BRASILIA (Reuters) – Brazilian President Dilma Rousseff said yesterday she ordered the Federal Police to investigate the source of a rumour that sent thousands of poor Brazilians running to state bank branches seeking payment of a monthly family stipend.
A rumour that payments of the Bolsa Familia programme would be ended led crowds to line up over the weekend at branches of the Caixa Economica Federal government bank to get their money. The rumour spread by word of mouth and cellphone text messages.
Angry beneficiaries smashed glass doors and automatic teller machines in some branches on Saturday in a surprising outburst that reminded Brazilians of chaotic scenes in crowded banks during financial crises two decades ago before Brazil stabilized its economy.
The programme of cash transfers to families on the condition they send their children to school and get them vaccinated has helped lift 30 million Brazilians from poverty over a decade.
Brazil’s social policy has helped maintained widespread support for Rousseff’s ruling Workers’ Party and is a key platform in her re-election plans next year. Reacting quickly, her government allowed stipends scheduled for later this month to be paid out at ATM’s over the weekend to stop the panic.
“This government money is sacred. We guarantee these payments. We will not give up the Bolsa Familia,” Rousseff vowed in a speech at a shipyard. She called the rumour “inhuman.”

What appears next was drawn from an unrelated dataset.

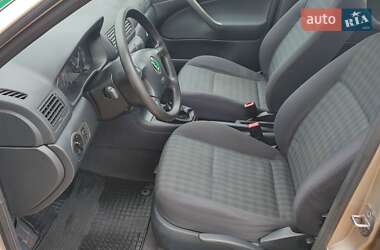 Ліфтбек Skoda Octavia 2005 в 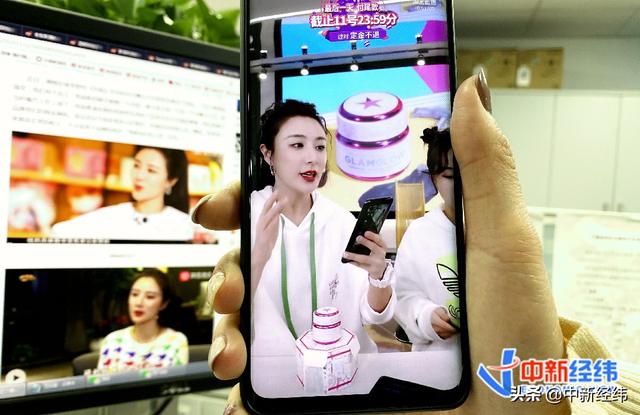 薇娅年收入知乎(薇娅们一年究竟能挣多少钱？圈内人揭秘主播收入潜规则)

“We have put the Federal Police on the case to find out who started this rumour that was aimed at unsettling Brazilians who have been rising from extreme poverty for 10 years,” she said.
Caixa Economica Vice President José Urbano Duarte said close to 1 million families got their Bolsa Familia cash grant this weekend.
The rumour caused panic lines at bank branches in 12 of Brazil’s 26 states, mainly in the poor Northeast of the country, despite government assurances that it was false.
About 50 million Brazilian, almost one-quarter of the South American country’s population, benefit from the programme which pays out a minimum of 70 reais ($34.42) a month to qualifying families.
Brazil’s deteriorating fiscal situation and heavy tax burden have led economists to advocate cuts in public spending to allow more investment and boost sluggish growth in the world’s seventh-largest economy.
Some economists say social programs will have to give for the country to invest more in industrial output and upgrade its dilapidated infrastructure to be competitive.